Scraped caption text data
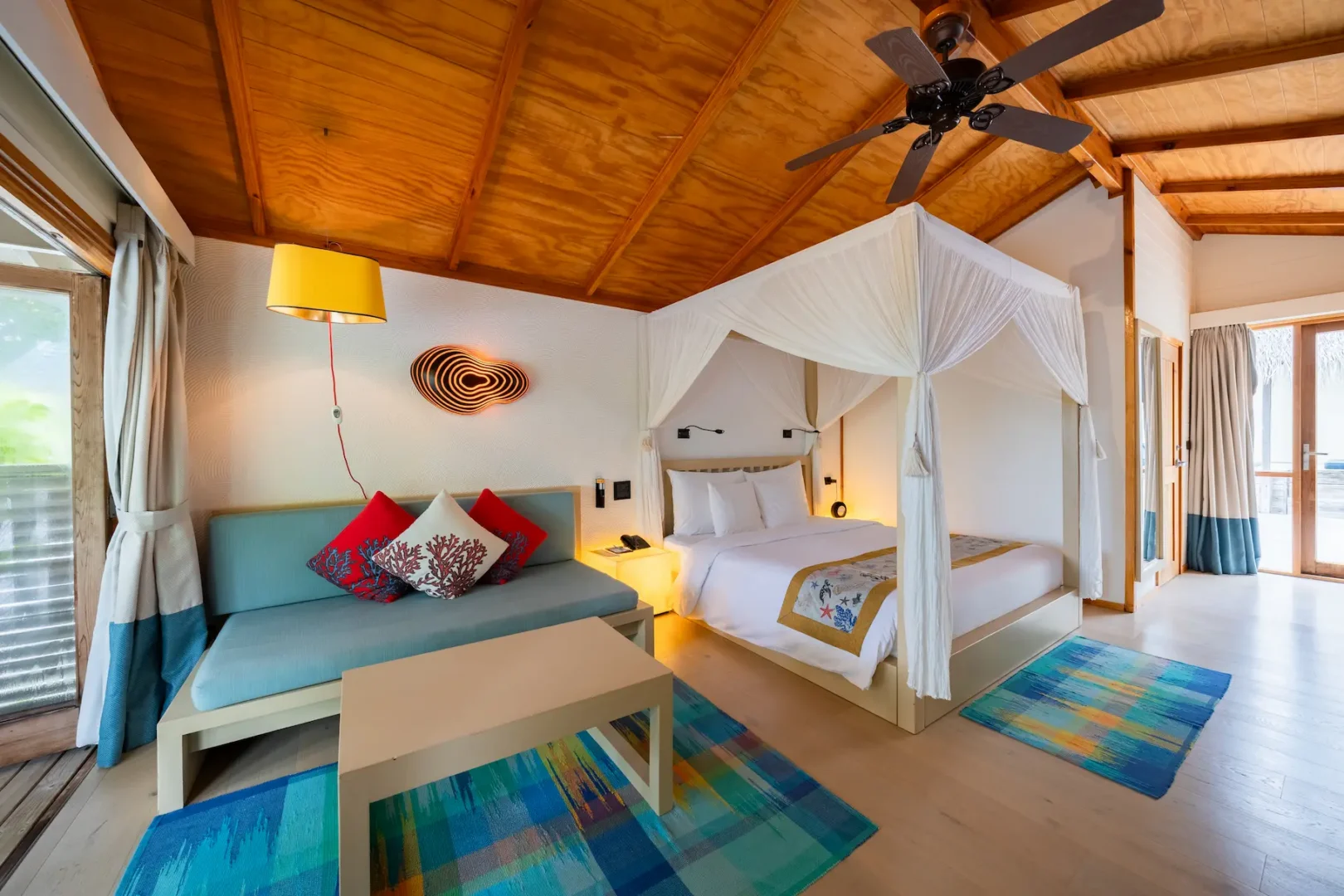 meeru maldives jacuzzi beach villa interior bedroom with soft natural lighting warm wood tones and a serene contemporary design that enhances the resort’s relaxed luxury atmosphere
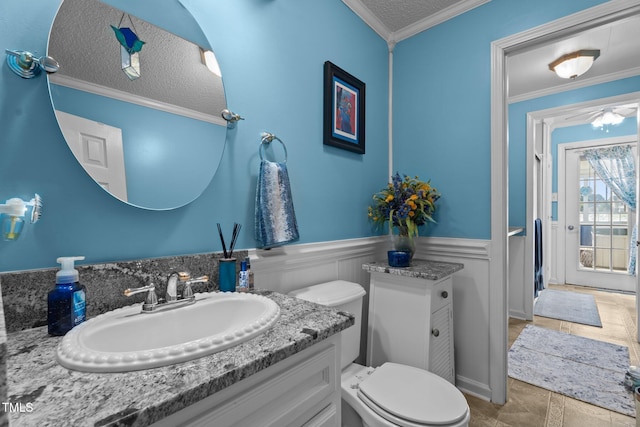 200 Mint Ct, Goldsboro, NC 27530 - bathroom featuring toilet, vanity, wainscoting, a textured ceiling, and crown molding
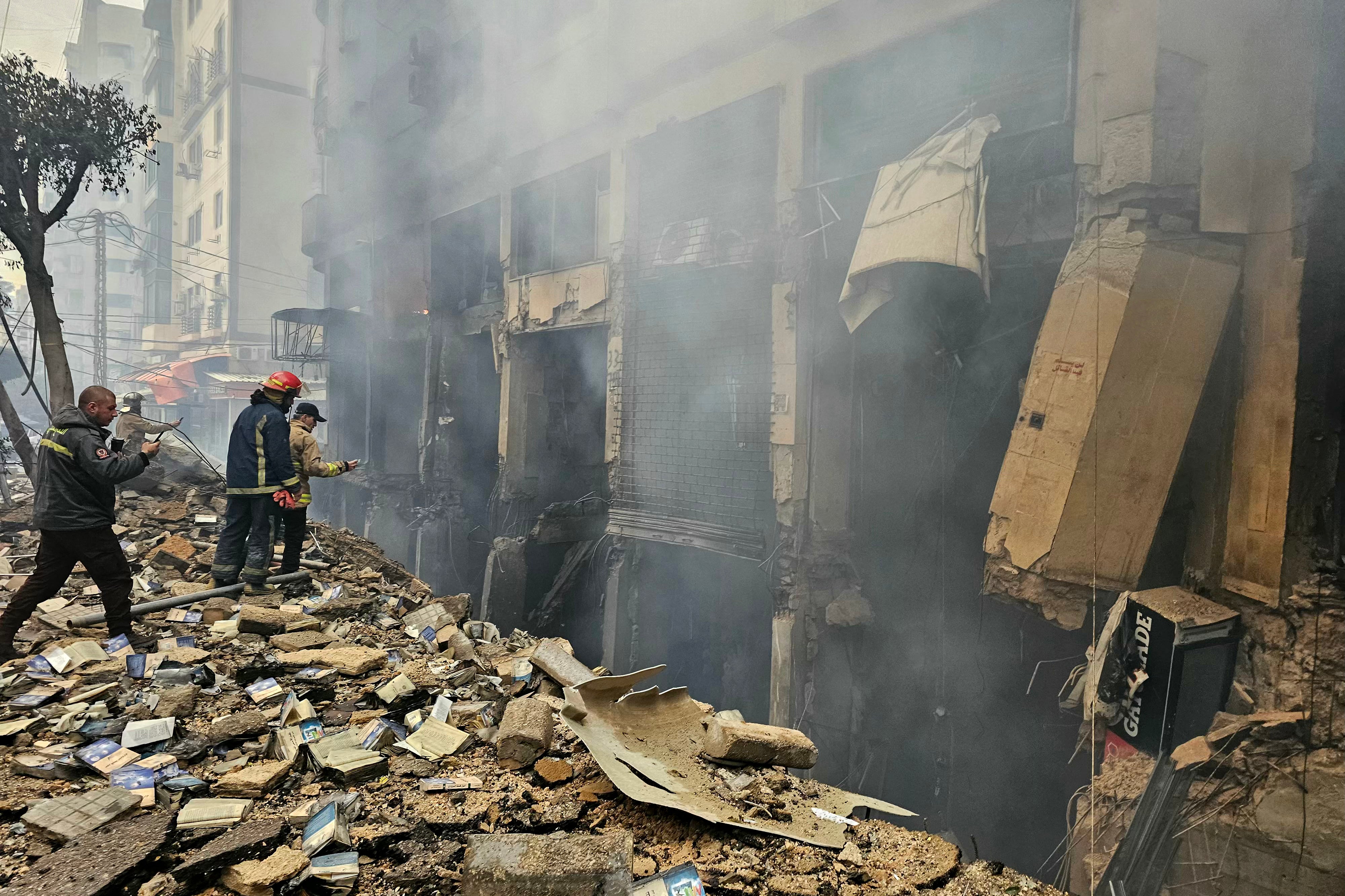 Rescuers are seen at the site of an Israeli airstrike in Beirut's southern suburb Haret Hreik on March 15, 2026.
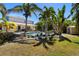 Backyard with lush landscaping, a shed, pool, and covered patio on a sunny day at 5909 Canton S St, St Petersburg, FL 33712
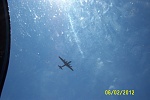 FIFI (B-29) from top turret as she flies over before we took off.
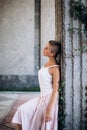 Authentic girl dancing on the street barefoot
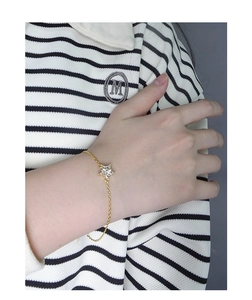 Close-up of a gold star charm bracelet with a sparkling zircon on a woman's wrist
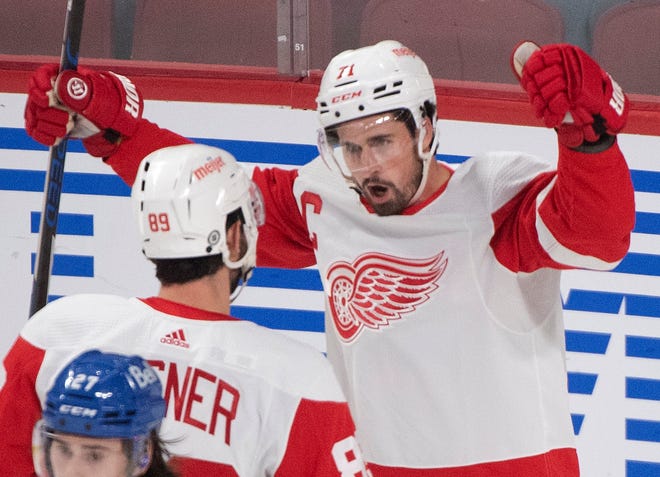 Detroit Red Wings' Dylan Larkin (71) celebrates after scoring against the Montreal Canadiens during the first period.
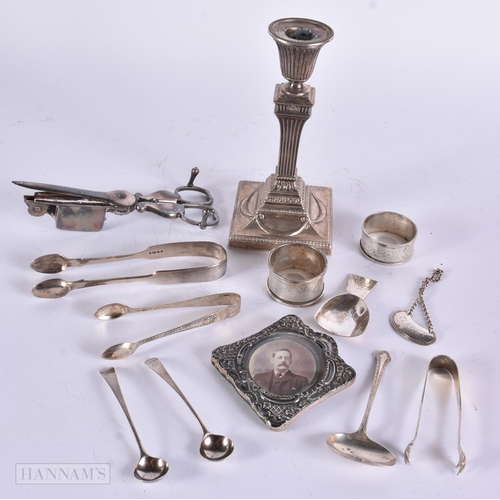 898 - A Victorian Silver Column Candlestick (weighted) hallmarked London 1891,Three Silver Tongs, 2 Silver...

What is required: From the line that contains "Close-up of a" down to the final line of the entries above, please copy each line exactly, excluding pictures.

Exercise solution:
 Close-up of a gold star charm bracelet with a sparkling zircon on a woman's wrist
 Detroit Red Wings' Dylan Larkin (71) celebrates after scoring against the Montreal Canadiens during the first period.
 898 - A Victorian Silver Column Candlestick (weighted) hallmarked London 1891,Three Silver Tongs, 2 Silver...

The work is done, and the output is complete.